As a precaution, it is recommended that batteries are replaced every 3 years, however, depending on the type of battery and frequency of power cuts, batteries can last from anywhere between 2 – 5 years. It is recommended that your security system is maintained on an annual basis to ensure the system is operational and the battery is healthy.

Many older monitoring connections still use an analog phone line. This method is being phased out with the increasing number of VDSL and Fibre connections. If you are upgrading to fibre it is recommended that you contact Fortress Security and we will provide options including GSM monitoring or IP monitoring.

False alarms are usually caused by PIR’s detecting heat movement from something other than people, such as:

  • Insects or spiders: If they walk close enough to the lens, the PIR will activate, some are even found inside the detector. The best way to minimise this is to keep the PIR clean and free of cobwebs.
  • Pets: If you are leaving your pets in the house when you arm the alarm you must ensure that Pet-Immune PIR’s are installed.
  • Direct sunlight: PIR detectors must be positioned away from direct sunlight during installation.
  • Open fireplaces: Heat can be generated from open fires long after the fire has been extinguished. PIR detectors must be positioned away from open fires during installation.
  • Harsh environments: Rooms such as workshops, warehouses or garages can attract drafts which can cause standard PIR’s to false activate. Dual-technology (PIR and Microwave) detectors are recommended in harsh environments, where heat movement of a solid object is required to cause the sensor to trigger.

Just a simple phone call or email to us is all it takes. In addition, Fortress Monitoring customers can login to their Monitoring account, where logs can be viewed, and response plans can be updated either permanently or temporarily at the click of a button.

Yes, the installer will demonstrate how to do this when the system is installed. You will also be given a user-friendly manual which clearly outlines the procedure.

Yes, they can… if you have pets we will design the system using Pet-immune detectors – these are immune to pets for a weight of up to 45KG’s. This means you can leave your pets indoors while the system is armed.

CCTV Questions

Analogue systems can be cheaper than IP systems – High definition analogue systems (often named HDCVI or HD Analogue) are comparable in quality to high definition IP systems, but are usually marginally cheaper if installed in smaller applications.

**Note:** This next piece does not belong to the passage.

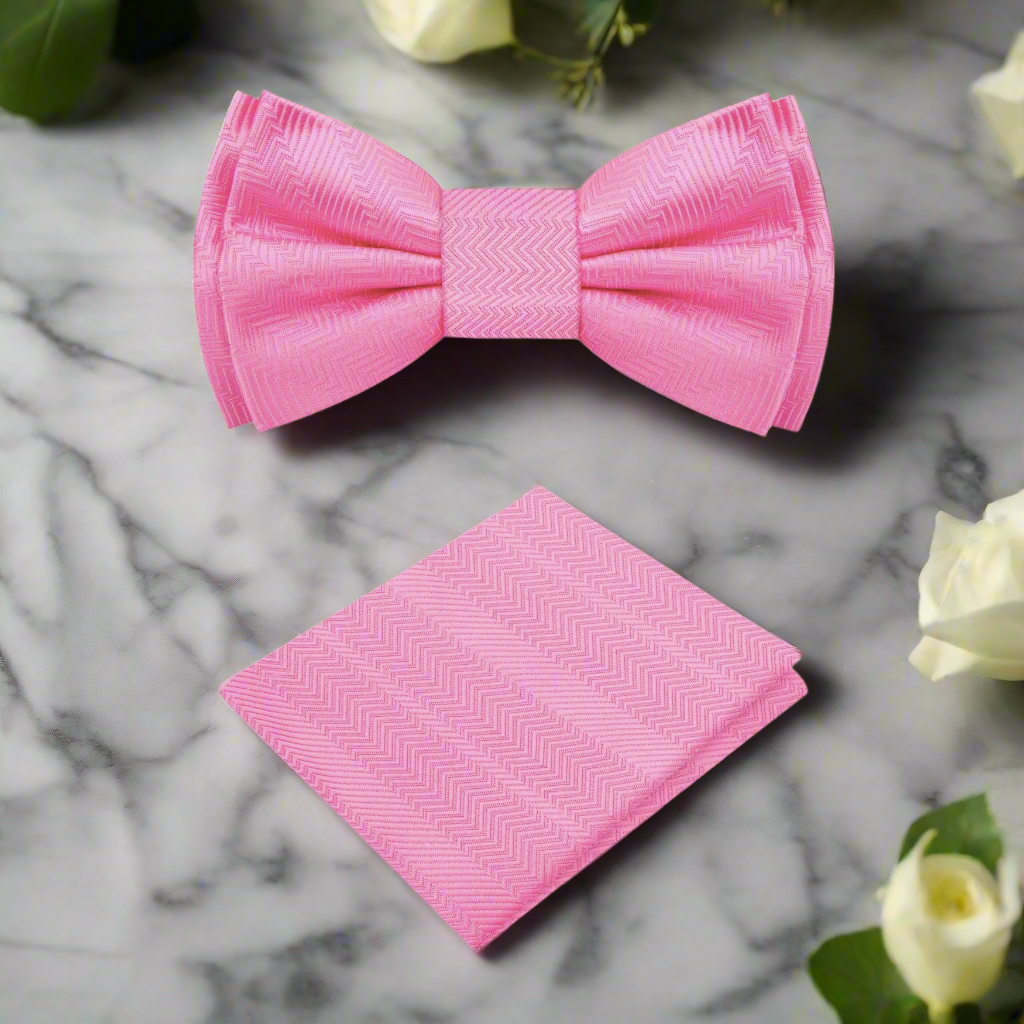 A Real Pink Solid Pattern Self Tie Bow Tie, Matching Pocket Square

Analogue Systems can use existing Coax cable – HD analogue cameras can be cabled using your existing coax cable without the need for converters.

Analogue systems are restricted in size – HD analogue systems are more commonly used in smaller applications such as residential or retail and require each cable to be wired back directly to the recorder.

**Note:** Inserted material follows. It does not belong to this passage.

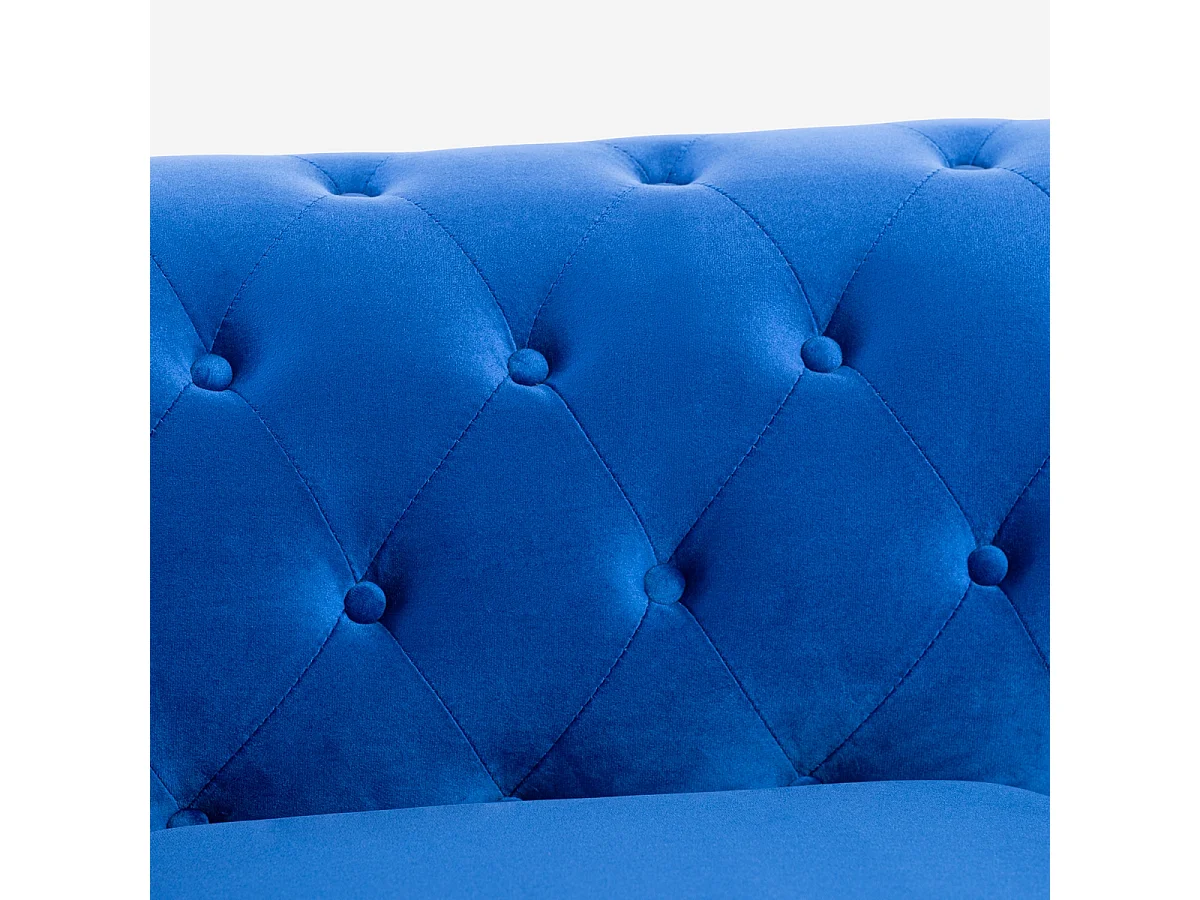 Sofá Chesterfield de terciopelo de 3 plazas estilo clásico vintage Norwich - Azul Marino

IP systems can use the existing network infrastructure – Unlike analogue cameras, IP cameras don’t have to be wired back directly to the recording device, they can be wired to the nearest network hub or switch and the existing network infrastructure can be used to carry video signals to the NVR, eliminating the need for un-necessary wiring.

IP systems have superior wireless capabilities – IP cameras have the flexibility to integrate with a wireless network and are virtually unlimited in terms of expansion. Analogue wireless cameras use radio frequencies and are limited to about sixteen cameras before they reach full capacity

IP Systems can accommodate a wider variety of camera technology – There is a wider variety of IP cameras i.e. PTZ cameras, 360-degree (fisheye) cameras, Panoramic cameras etc, which are not currently available in HD analogue.

CCTV stands for Closed Circuit Television. It is a television system that operates on a “closed loop” basis. Unlike broadcast television, which is available to anyone with a suitable receiver, CCTV pictures are only available to those connected to the loop. However, the acronym is still commonly used for IP Video systems.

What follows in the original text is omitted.